Every day your ears get a workout. You hear the voices of family members, teachers, friends, and even strangers. You hear the TV and video programs you watch. You hear music on the radio, on tapes, and on CDs. You hear sounds that provide information about your surroundings, whether they are sounds of songbirds, dogs, roosters, and rustling leaves of the country, or the city sounds of horns honking, sirens blaring, and tires squealing. You hear sounds that represent emotions: sighs, giggles, sniffs, growls, gasps, or shouts.
You hear many different things each day. Some are important, while others are not. Are you listening to the things you hear? To be successful in school, you must learn how to tune in to the important things. You need to develop strong listening skills.
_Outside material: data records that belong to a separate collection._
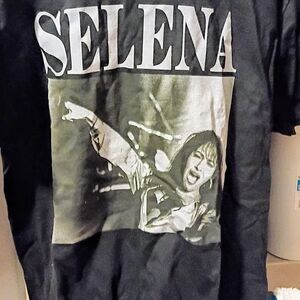 Selena Black Graphic Kids T-Shirt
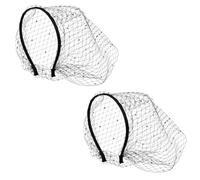 WRITWAA 2pcs Veil Headband Rhinestone Sparkling Bridal Hair Accessories Mesh Net Fascinator Women's Party Wedding Formal Occasions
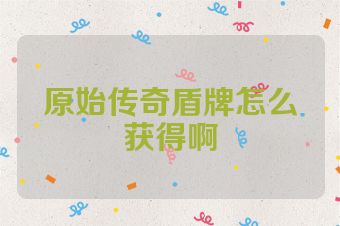 原始传奇盾牌怎么获得啊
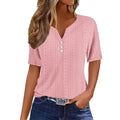 Women's Comfortable Short-Sleeve Shirt with Button Details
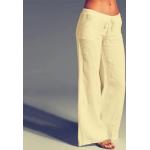 Pantalones grises de algodón de lino de verano tallas grandes informales talla 3XL para mujer 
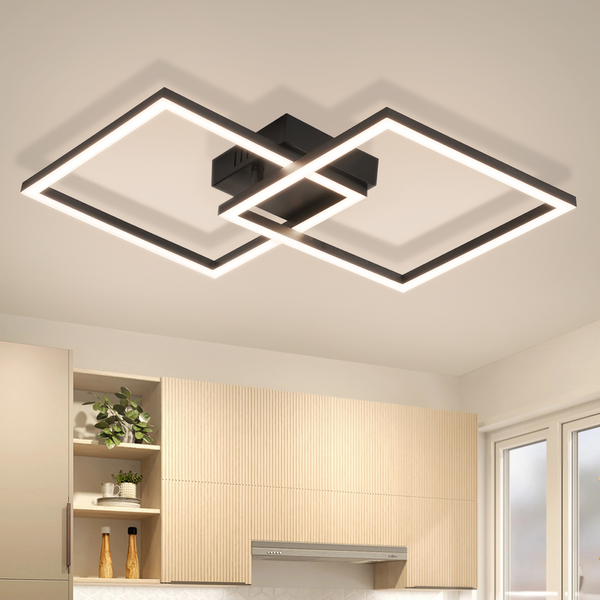 ZMH LED Deckenleuchte 24W Schwarz 4000K Neutralweiß Drehbar Modern Eckig Für Schlafzimmer Wohnzimmer Küche Flur Büro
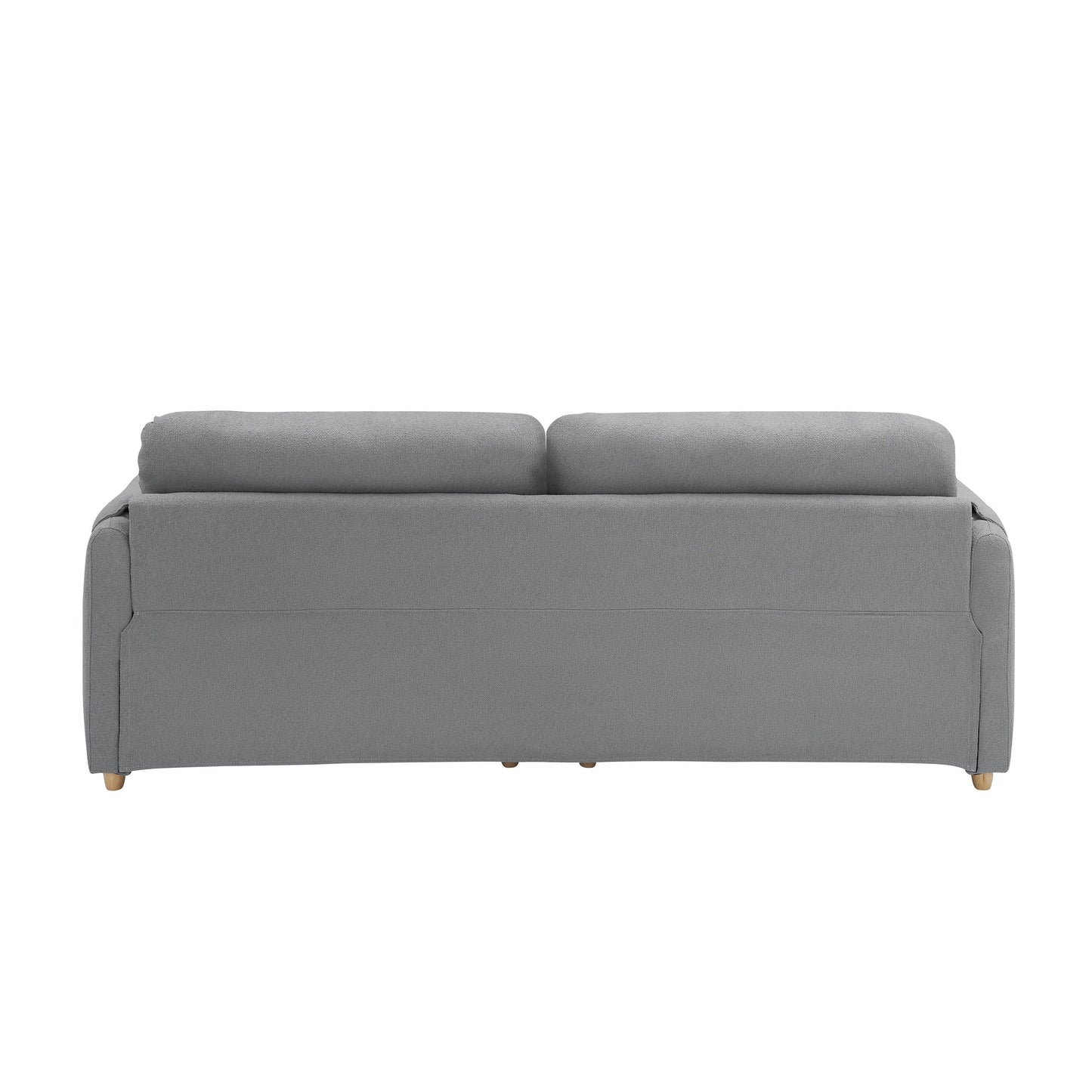 Canapé 3 places rembourré en tissu Teddy gris clair 79,50 $ avec rangement d'assise dissimulé pour le salon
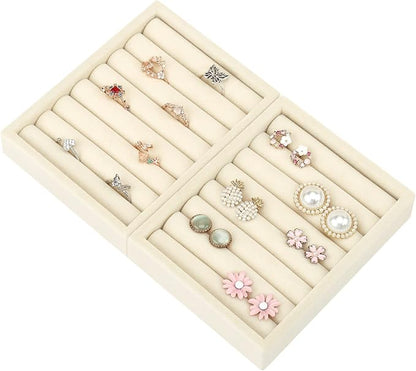 DesignSter Small Jewelry Tray-Ring Organizer 2PCS Premium Velvet Rings Earrings - Image 2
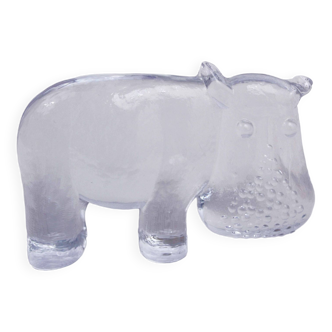 Kosta Boda Glass Hippopotamus Paperweight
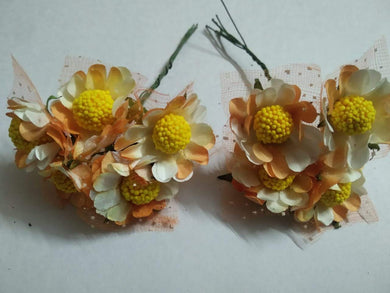 Artificial Paper Sun Flower Decoration Party Diy Materials 5 Paper Flower-1 Bunch(Orange) Necklace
The first action you should take is to sit near the front of the classroom. The closer to the teacher you are, the fewer the distractions around you. You will be in a better position to hear what is said. You will be less likely to hear the whispers of students sitting in the rear of the classroom. You will be less likely to whisper to others yourself. If you are talking, you are not listening!
Tune out distractions. When you are listening to music, reading a good book, or playing a video game, you probably don't hear people call your name. Parents find this very frustrating, but it means that you've learned to tune out distractions. You need to take that skill with you to the classroom. Listen so carefully to your teacher that you don't notice the paper-rustling and pencil-tapping of your peers.
Be alert for clues that important information is coming. It might be obvious, such as a statement to "listen carefully," or "note the following three points." It might be more subtle, such as a change in vocal tone that makes a statement stand out. Of course, the biggest clue that your teacher is about to say something that you should remember is the announcement: "This will be on the test!"